Uma questão, contudo, que aparentemente não foi abordada pela imprensa ou pelas redes sociais é como se ergue ou se estabelece um monumento histórico como aquele, de tal modo que possamos saber se nos dias atuais seremos capazes de realizarmos construções monumentais que sobrevivam vários séculos e alcancem relevância afetiva, tal qual uma Notre-Dame, para as futuras gerações.
Num mundo cada vez mais efêmero e instantâneo, ansioso pelas novidades e lançamentos tecnológicos, descartável, como pensar símbolos materiais longevos e que se tornem patrimônio respeitado por nacionalidades, crenças e valores culturais diversos? Nesse ponto, é importante lembrar que o modernismo, estilo hegemônico durante boa parte do século XX, ainda conseguiu produzir monumentos, mesmo que para muitos eles tenham causado estranheza ou rejeição.
Já no Brasil atual, da crise econômica que insiste em permanecer, do fracasso e da decepção com a Copa de 2014 (não só em relação à Seleção, mas também com o destino de alguns dos estádios construídos e que hoje se encontram abandonados), do embate intolerante entre os diversos grupos sociais que compõem o povo brasileiro ( miscigenado, multicultural) e, por que não?, de um novo modelo de governar que propõe o corte radical na verba de tudo aquilo que se considera supérfluo (e aí é só uma questão de escolha arbitrária sobre o que deve ou não ser cortado), até por quê, como dito no início, a situação econômica continua ruim e não resta outra opção a não ser reduzir despesas; enfim, com tudo isso e um pouco mais, não será por iniciativa do governo (quaisquer que sejam as esferas, isto é, se é federal, estadual ou municipal) que novos monumentos serão erguidos.
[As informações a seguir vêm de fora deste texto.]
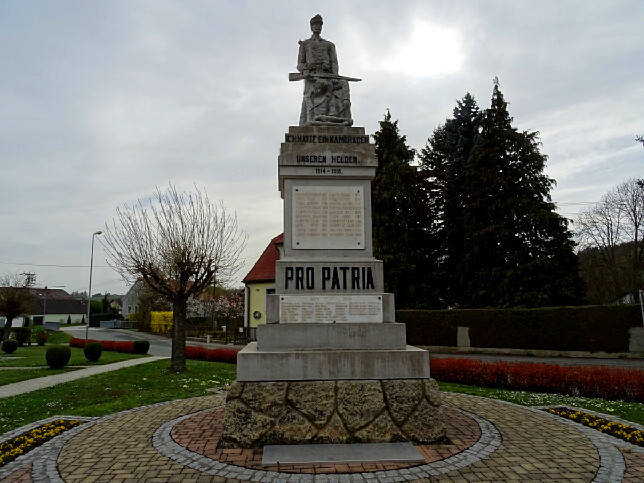 Altschlaining, Kriegerdenkmal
Por outro lado, um monumento religioso como a Catedral de Notre-Dame é obra do povo francês católico, ainda que tenha sido referendada pelo governo laico, que a protegeu legalmente como patrimônio nacional. Não por acaso, vem da França a ideia de patrimônio histórico tal como se conhece hoje, e que tem no livro “A Alegoria do Patrimônio” de Françoise Choay sua conceituação basilar. Contudo, tanto Paris quanto a França tem no turismo cultural uma importante fonte de arrecadação, daí que o patrimônio também é visto como mercadoria.
Porém, é interessante considerar que, se muitas das obras que hoje consideramos patrimônio, podem não ter sido inicialmente idealizadas para se tornarem um monumento afetivo ao ponto de serem legalmente protegidas via tombamento, há também o caso de construções que foram concebidas para serem monumentais – muitas vezes em função da prepotência dos poderosos – mas que permanecem apenas como mostruário do ego humano.
Precisamos conhecer o passado – daí a importância do patrimônio – para que dele possamos refletir sobre como agir no presente e sem esquecer que devemos ter a pretensão de deixar um futuro melhor para nossos filhos. E os monumentos de hoje serão os símbolos que deixaremos como lembrança, para todos que vierem depois deles.